Save for education during current rupee depreciation!
As the Indian market is witnessing continuous withdrawals of foreign investments, the USD/INR hit its record low of Rs.80.23 on the 14th of July.
As the experts predicted, the rupee hit 80 levels against the U.S. dollar in July 2022, causing a significant shock among investors.
Are you worried about saving for your kid’s education abroad when the rupee is falling significantly? In this article, let’s see how you can hedge over the rising USD rate to save up for a child’s higher education.
Why has the rupee depreciated?
The intrinsic value of the Indian rupee to the U.S. Dollar works on a demand-supply basis. With a higher demand for the U.S. Dollar, the value of the Indian rupee depreciates and vice-versa.
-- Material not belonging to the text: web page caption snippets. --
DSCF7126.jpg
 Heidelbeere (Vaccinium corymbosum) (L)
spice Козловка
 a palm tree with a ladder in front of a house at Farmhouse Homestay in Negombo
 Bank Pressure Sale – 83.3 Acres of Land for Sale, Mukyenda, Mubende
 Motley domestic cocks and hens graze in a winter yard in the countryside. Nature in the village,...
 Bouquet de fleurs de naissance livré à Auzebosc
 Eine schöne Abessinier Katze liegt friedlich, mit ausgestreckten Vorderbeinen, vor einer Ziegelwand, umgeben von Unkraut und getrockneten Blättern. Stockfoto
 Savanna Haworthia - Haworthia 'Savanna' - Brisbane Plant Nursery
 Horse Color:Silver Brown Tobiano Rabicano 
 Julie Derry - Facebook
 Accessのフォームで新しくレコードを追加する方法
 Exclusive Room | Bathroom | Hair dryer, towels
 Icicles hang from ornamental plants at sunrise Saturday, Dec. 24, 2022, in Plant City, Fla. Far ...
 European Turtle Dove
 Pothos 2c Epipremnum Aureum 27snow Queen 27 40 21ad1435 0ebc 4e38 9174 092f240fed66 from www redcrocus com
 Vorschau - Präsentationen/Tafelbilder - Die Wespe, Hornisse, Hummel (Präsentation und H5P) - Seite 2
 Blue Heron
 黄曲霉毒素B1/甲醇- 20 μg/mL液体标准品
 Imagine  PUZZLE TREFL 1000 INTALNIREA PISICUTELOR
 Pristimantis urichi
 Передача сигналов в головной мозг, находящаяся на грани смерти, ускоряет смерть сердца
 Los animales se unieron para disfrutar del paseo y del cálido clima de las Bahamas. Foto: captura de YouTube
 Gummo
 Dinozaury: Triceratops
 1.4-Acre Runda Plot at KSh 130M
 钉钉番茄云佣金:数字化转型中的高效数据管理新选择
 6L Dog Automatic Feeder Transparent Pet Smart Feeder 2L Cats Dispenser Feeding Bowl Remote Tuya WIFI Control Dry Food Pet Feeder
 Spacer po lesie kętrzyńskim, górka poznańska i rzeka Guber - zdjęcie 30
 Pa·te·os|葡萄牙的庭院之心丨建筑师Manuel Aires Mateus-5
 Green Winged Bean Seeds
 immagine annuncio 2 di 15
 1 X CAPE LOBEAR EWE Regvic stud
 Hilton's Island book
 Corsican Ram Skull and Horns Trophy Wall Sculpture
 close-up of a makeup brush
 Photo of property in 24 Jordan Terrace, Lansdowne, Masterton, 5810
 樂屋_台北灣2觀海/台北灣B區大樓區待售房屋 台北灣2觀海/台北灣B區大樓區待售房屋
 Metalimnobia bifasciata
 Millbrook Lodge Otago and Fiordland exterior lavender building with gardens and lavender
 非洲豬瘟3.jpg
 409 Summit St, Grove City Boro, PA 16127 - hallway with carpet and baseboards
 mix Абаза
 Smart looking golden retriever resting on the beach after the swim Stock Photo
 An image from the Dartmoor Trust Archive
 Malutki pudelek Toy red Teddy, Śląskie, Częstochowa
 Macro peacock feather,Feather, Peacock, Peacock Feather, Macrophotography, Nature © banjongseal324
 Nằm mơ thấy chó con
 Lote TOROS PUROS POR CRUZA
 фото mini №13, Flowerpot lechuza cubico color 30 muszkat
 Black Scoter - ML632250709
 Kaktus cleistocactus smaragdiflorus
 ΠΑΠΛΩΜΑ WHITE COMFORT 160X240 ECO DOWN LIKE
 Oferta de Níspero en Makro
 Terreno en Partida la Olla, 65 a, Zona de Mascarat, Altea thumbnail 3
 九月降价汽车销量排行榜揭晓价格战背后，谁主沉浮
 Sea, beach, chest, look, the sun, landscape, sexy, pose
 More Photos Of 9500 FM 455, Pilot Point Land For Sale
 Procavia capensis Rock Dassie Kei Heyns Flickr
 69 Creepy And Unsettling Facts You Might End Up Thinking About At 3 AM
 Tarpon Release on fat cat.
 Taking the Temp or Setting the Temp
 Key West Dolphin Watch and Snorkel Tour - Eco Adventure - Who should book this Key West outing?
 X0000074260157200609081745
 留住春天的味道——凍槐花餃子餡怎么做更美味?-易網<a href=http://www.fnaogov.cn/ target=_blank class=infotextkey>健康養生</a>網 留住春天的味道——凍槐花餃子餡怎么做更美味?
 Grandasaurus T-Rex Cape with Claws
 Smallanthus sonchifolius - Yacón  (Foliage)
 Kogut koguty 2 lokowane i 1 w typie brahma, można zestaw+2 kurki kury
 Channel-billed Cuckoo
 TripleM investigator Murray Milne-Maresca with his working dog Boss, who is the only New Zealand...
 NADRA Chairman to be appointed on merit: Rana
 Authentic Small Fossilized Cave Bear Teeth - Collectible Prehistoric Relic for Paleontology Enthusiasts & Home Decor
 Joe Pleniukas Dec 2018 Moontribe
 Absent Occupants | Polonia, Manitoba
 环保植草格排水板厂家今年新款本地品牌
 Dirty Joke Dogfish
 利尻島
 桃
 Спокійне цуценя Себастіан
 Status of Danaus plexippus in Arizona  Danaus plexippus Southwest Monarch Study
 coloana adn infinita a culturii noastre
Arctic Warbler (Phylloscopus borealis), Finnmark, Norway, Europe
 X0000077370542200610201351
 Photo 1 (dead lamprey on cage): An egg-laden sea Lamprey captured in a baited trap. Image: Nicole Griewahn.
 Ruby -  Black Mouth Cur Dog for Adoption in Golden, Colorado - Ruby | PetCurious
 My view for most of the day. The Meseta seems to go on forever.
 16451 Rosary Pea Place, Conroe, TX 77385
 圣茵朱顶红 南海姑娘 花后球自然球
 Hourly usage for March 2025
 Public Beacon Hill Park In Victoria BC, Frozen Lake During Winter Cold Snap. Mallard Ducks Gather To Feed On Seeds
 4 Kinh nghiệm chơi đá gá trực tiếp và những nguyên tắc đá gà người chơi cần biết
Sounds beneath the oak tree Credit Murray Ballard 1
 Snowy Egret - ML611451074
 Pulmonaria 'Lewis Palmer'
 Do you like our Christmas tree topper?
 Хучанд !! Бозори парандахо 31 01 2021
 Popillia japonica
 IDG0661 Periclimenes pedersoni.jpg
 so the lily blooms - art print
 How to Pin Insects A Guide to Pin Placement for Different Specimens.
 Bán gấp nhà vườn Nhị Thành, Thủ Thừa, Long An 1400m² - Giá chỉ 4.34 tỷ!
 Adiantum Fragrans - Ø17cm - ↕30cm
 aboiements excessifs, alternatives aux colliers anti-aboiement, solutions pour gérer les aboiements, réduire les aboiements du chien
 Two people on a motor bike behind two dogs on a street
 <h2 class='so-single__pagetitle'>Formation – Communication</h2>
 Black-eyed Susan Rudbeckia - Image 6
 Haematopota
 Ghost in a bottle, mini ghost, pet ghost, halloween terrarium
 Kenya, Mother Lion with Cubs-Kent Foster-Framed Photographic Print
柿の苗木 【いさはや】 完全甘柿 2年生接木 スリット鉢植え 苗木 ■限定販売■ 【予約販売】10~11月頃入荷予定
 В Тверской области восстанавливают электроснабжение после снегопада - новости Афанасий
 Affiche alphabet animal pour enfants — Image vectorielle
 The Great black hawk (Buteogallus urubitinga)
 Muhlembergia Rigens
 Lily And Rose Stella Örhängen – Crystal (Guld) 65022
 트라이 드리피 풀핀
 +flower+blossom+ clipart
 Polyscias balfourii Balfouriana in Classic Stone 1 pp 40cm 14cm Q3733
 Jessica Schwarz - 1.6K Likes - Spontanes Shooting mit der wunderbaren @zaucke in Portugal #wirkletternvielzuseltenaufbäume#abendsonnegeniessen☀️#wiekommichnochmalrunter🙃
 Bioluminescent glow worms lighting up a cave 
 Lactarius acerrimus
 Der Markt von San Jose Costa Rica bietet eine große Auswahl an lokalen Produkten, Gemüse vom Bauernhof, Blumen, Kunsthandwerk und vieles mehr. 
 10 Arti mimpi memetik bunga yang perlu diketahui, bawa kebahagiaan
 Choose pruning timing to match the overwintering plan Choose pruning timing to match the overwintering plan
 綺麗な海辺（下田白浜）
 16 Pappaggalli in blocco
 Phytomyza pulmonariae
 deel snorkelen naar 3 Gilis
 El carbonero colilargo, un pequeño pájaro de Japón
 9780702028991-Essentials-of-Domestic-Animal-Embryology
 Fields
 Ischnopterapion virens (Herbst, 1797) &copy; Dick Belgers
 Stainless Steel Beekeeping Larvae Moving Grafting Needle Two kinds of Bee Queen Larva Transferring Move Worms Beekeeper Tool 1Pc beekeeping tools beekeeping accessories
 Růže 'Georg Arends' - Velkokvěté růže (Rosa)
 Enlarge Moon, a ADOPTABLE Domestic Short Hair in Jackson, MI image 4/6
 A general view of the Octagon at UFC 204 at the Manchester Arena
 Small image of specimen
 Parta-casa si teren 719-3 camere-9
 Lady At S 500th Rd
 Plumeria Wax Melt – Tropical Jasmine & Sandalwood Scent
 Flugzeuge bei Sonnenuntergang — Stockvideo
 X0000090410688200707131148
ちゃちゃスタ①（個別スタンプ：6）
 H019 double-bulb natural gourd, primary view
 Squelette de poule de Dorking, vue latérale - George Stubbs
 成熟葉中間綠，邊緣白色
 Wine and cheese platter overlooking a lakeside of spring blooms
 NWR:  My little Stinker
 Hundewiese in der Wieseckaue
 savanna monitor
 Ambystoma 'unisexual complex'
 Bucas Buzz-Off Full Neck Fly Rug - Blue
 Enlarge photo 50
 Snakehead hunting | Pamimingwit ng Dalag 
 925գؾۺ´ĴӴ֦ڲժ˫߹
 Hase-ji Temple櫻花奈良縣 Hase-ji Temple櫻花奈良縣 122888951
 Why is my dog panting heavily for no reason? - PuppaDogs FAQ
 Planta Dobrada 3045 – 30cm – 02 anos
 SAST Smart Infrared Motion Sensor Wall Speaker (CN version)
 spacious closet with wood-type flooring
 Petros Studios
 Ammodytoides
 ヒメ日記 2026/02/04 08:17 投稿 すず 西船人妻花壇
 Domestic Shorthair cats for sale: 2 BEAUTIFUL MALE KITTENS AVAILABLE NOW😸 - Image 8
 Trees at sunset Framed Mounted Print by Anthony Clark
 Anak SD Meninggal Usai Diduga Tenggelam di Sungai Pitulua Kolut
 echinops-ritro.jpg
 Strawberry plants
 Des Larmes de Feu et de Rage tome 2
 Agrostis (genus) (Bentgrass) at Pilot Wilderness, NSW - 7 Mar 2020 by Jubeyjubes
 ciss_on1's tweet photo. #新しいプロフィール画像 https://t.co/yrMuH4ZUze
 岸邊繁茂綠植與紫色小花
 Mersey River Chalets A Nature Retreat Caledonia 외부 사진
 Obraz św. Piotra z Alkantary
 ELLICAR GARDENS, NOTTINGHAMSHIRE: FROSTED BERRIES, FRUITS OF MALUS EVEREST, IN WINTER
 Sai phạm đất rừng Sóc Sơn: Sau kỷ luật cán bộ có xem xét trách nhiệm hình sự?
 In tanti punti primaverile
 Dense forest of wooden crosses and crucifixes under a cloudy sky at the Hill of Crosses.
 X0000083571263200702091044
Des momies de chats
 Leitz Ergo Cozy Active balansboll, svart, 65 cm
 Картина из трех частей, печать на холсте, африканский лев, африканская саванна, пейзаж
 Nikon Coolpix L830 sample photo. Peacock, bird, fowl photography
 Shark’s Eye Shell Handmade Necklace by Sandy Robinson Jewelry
The rupee’s fall these days is mainly due to high crude oil prices, a strong dollar overseas, and foreign capital outflows.
The rupee has declined since early this year, especially after supply chain disruptions because of the Russia-Ukraine war, global economic challenges, inflation, and high crude oil prices, among other issues.
Besides, there have been heavy foreign fund outflows from the domestic markets as the foreign institutional investors (FIIs) have sold shares worth Rs.2.84 lakh crores this year compared to the withdrawal of Rs. 552 crores in the initial eight months of 2021.
As money flows out of India, the rupee-dollar exchange rate gets impacted, depreciating the rupee. Such depreciation puts considerable pressure on the high import prices of crude and raw materials, paving the path for higher imported inflation and production costs besides higher retail inflation
What opportunity does this USD appreciation give you?
The U.S. Dollar Index has touched levels it hadn’t reached in 10 years. Since the beginning of this year, it has gained 8 percent in value.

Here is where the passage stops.